10. The process according to claim 9, wherein the diameter ratio of said first reaction
zone to said prelift zone is about. 1∼2 :1 and the height of the first reaction zone
is about 10%∼30% of the height of the riser, and the diameter of said prelift zone
is 0.02∼5 meters.
11. The process according to claim 9, wherein the diameter ratio of said second reaction
zone to said first reaction zone is about 1.5∼5.0:1 and the height of the second reaction
zone is about 30%∼60% of the height of the riser.
12. The process according to claim 9, wherein the conjunct section between the first reaction
zone and the second reaction zone is a circular truncated cone whose vertical section
isotrapezia vertex angle α is generally about 30° ∼ 80° , and the conjunct section
between the second reaction zone and the outlet zone is a circular truncated cone,
whose vertical section isotrapezia base angle β is generally about 45° ∼ 85° .

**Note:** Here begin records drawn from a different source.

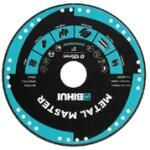 BIHUI gyémánt vágótárcsa 230mm (DSBC230)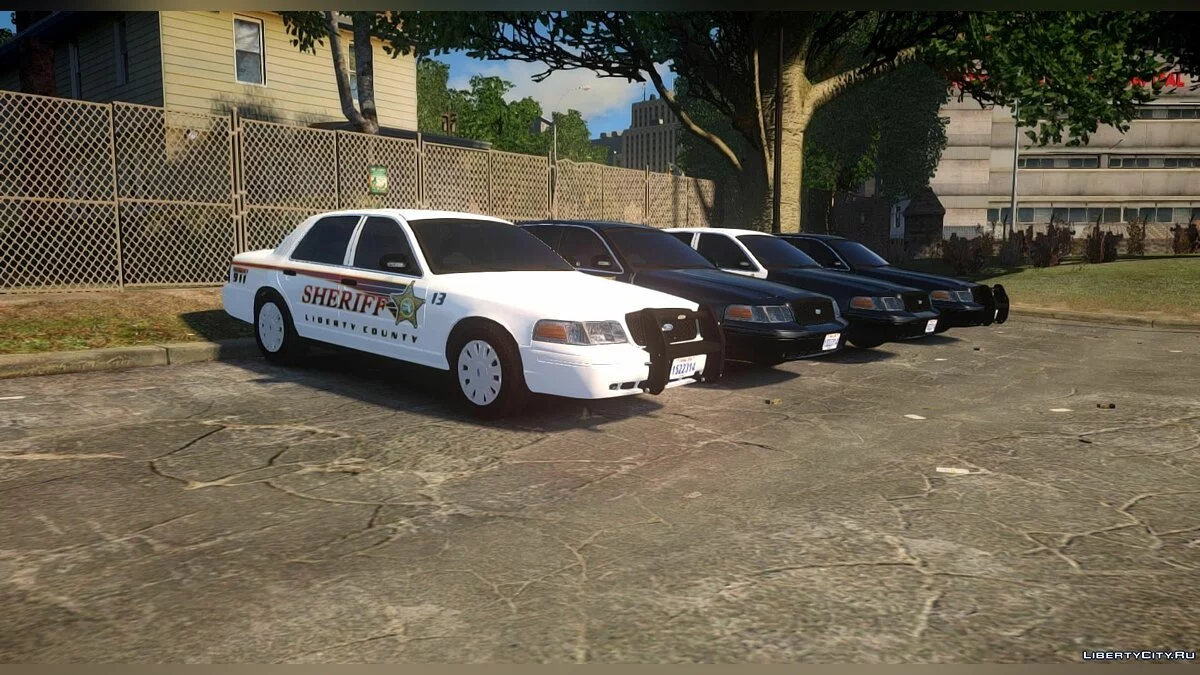 Mini CVPI Pack / GTA 4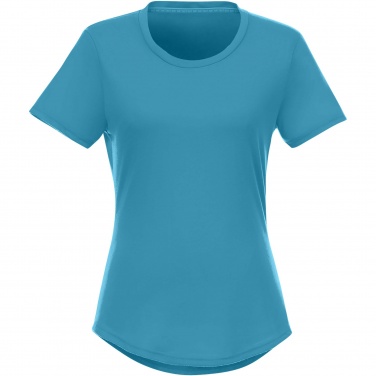 Logotrade corporate gift picture of: Jade short sleeve women's GRS recycled t-shirt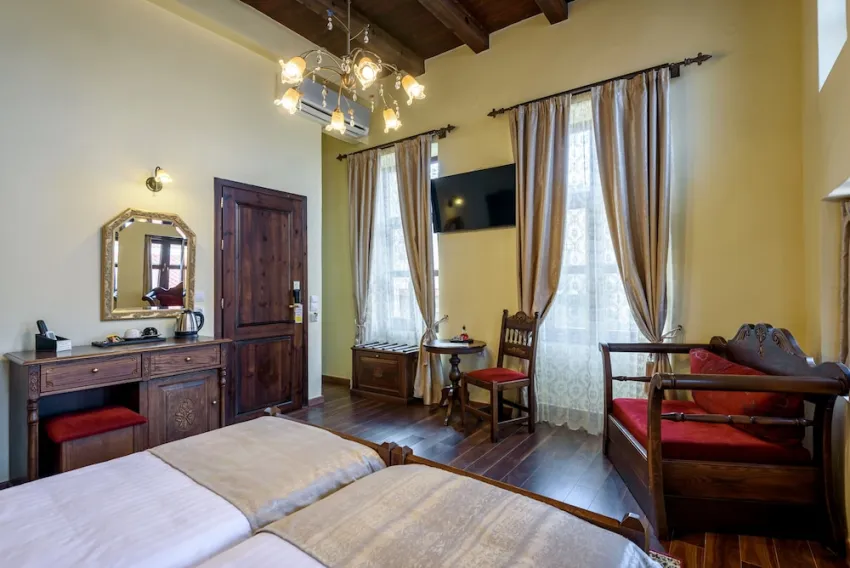 PORTO DEL COLOMBO BOUTIQUE TRADITIONAL HOTEL 4*-18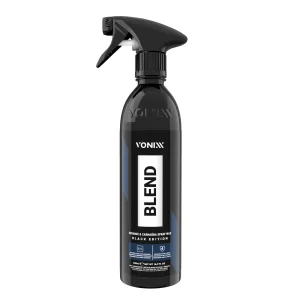 BLEND SPRAY BLACK 500ML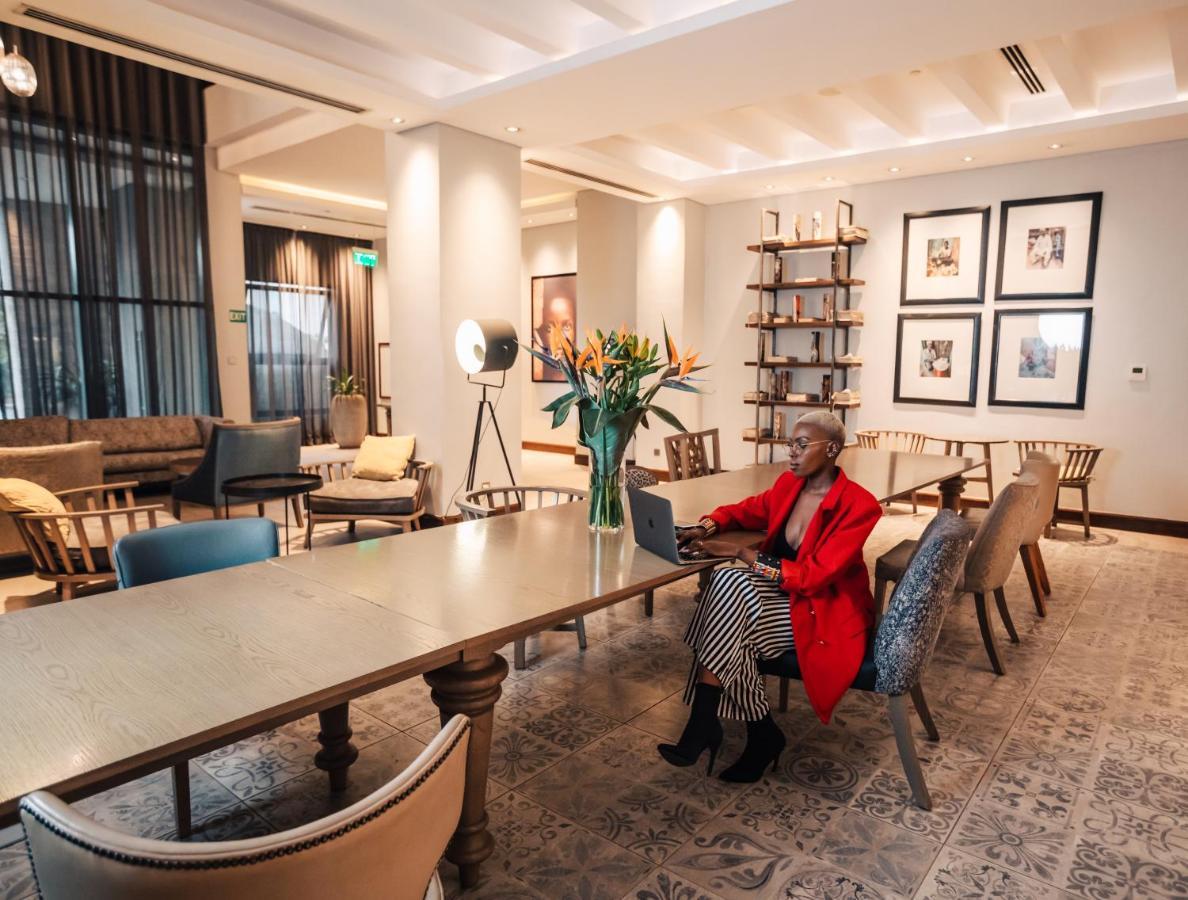 Trademark Hotel, A Member Of Design Hotels Nairobi Luaran gambar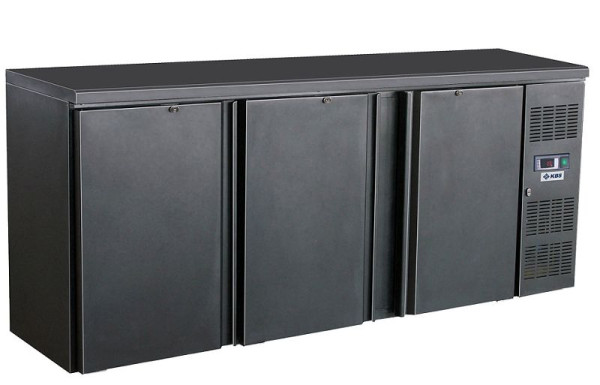 KBS Backbar BB 200 mit Volltüren, elektronische Steuerung, 61200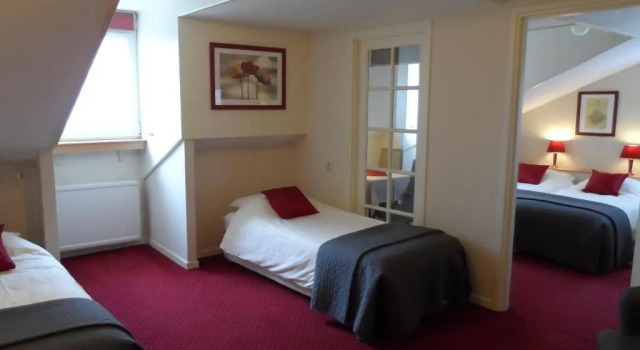 Номер Standard B&B Vouwere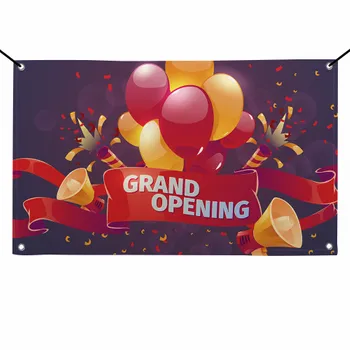 Banners - Custom Promo Now - UK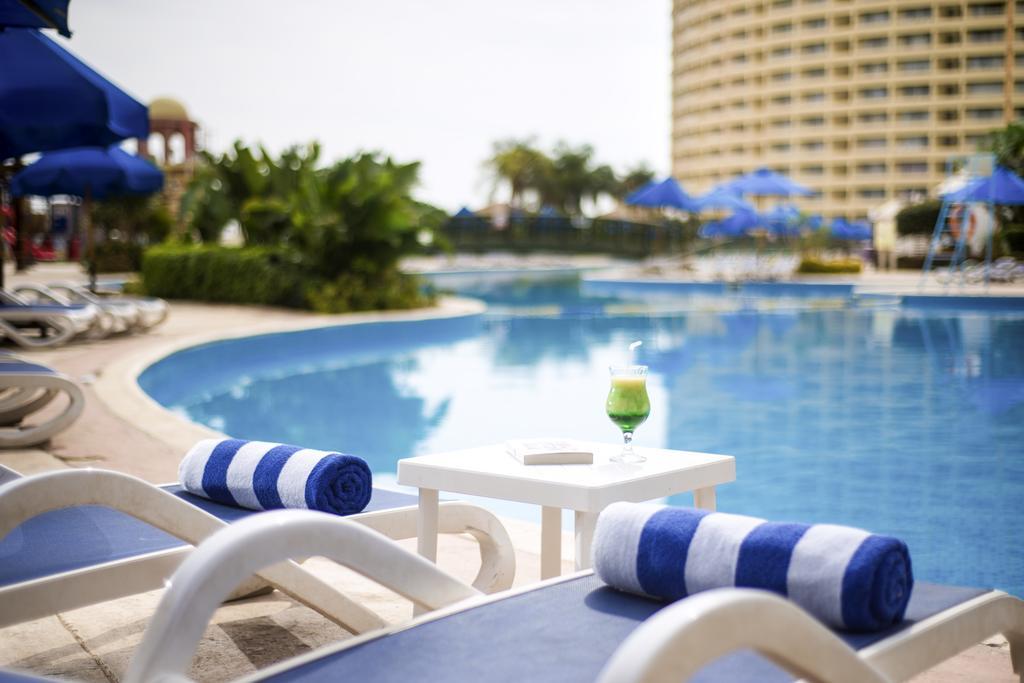 Porto Sokhna Beach Resort Ain Suchna Exterior foto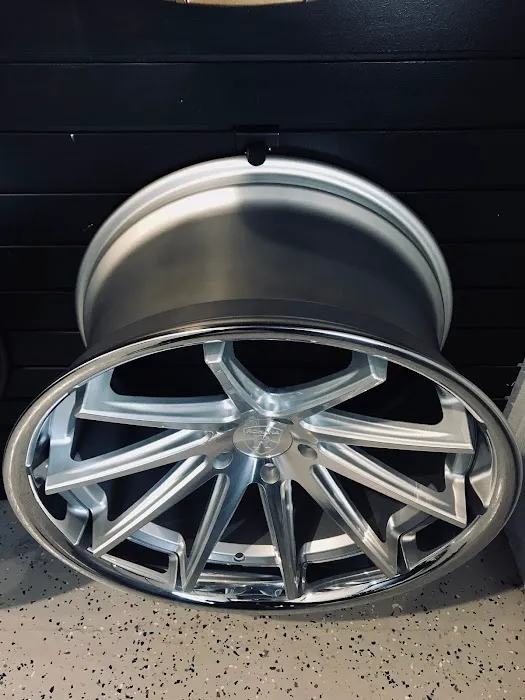 Exclusive Wheels and Tires 2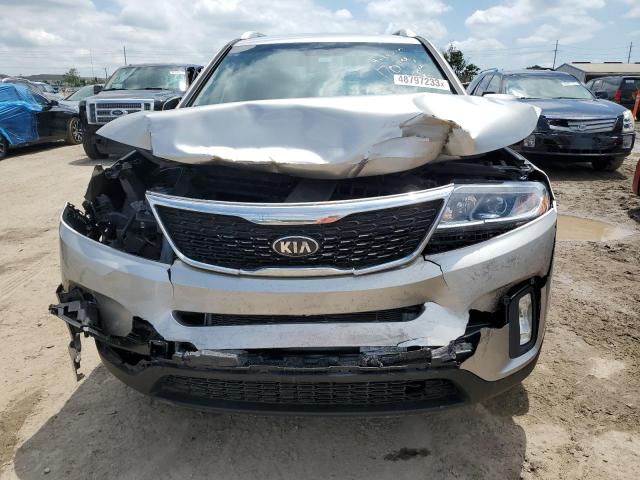 Photo 5 from auction – 2014 KIA SORENTO LX with VIN 5XYKT3A65EG502007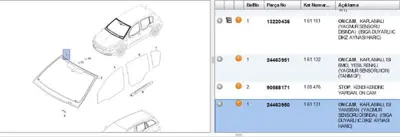 PSA 24463950 Part 161131 24463950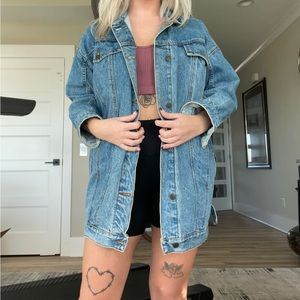 Vintage jordache jean jacket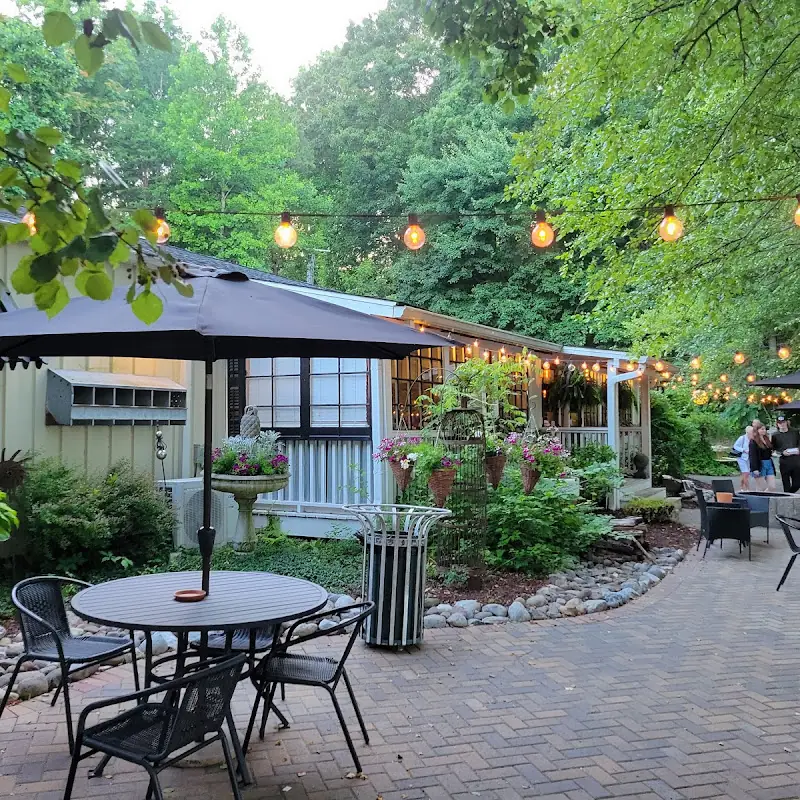 Garden Cafe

13. The process according to claim 12, wherein one inlet or multi-inlets of quenching
mediums is set up at the conjunct section between the first reaction zone and the
second reaction zone, and/or a heat remover is located in the second reaction zone,
the height of said heat remover is about 50%∼90% of the height of the second reaction
zone.
14. The process according to claim 6, 8, or 13, wherein said quenching mediums are generally
selected from the group consisting of quenching liquid or cooled regenerated catalyst
or cooled semi-regenerated catalyst or fresh catalyst or the mixtures thereof in arbitrary
ratio.
15. The process according to claim 14, wherein said quenching liquid is preferably selected
from the group consisting of LPG, naphtha, stabilized gasoline, light cycle oil, heavy
cycle oil or water or the mixtures thereof in arbitrary ratio.
16. The process according to claim 15, wherein said LPG, naphtha, and stabilized gasoline
enriched olefin participate in reaction.
17. The process according to claim 14, wherein said cooled regenerated and semi-regenerated
catalysts are obtained by cooling the catalyst through catalyst cooler after primary
stage and secondary stage regeneration respectively.
18. The process according to claim 1, wherein the hydrocarbon feedstock atmospheric gas
oils, naphtha, catalytic gasoline, diesel, vacuum gas oil, atmospheric residue or
vacuum residue, coker gas oil, deasphalted oil, hydrotreated residue, hydrocracked
residue, shale oil or the mixtures thereof.
19. The process according to claim 1, wherein the catalysts are amorphous silica-alumina
catalysts or zeolite catalysts with the active components preferably selected from
the group consisting of Y, HY, USY or ZSM-5 series or any other zeolites typically
employed in the cracking of hydrocarbons with or without rare earth and/or phosphor
or the mixtures thereof.
20. The process according to claim 1, 14 or 17, wherein the catalysts entering into different
reaction zones respectively can be of the same kind or of the different kinds.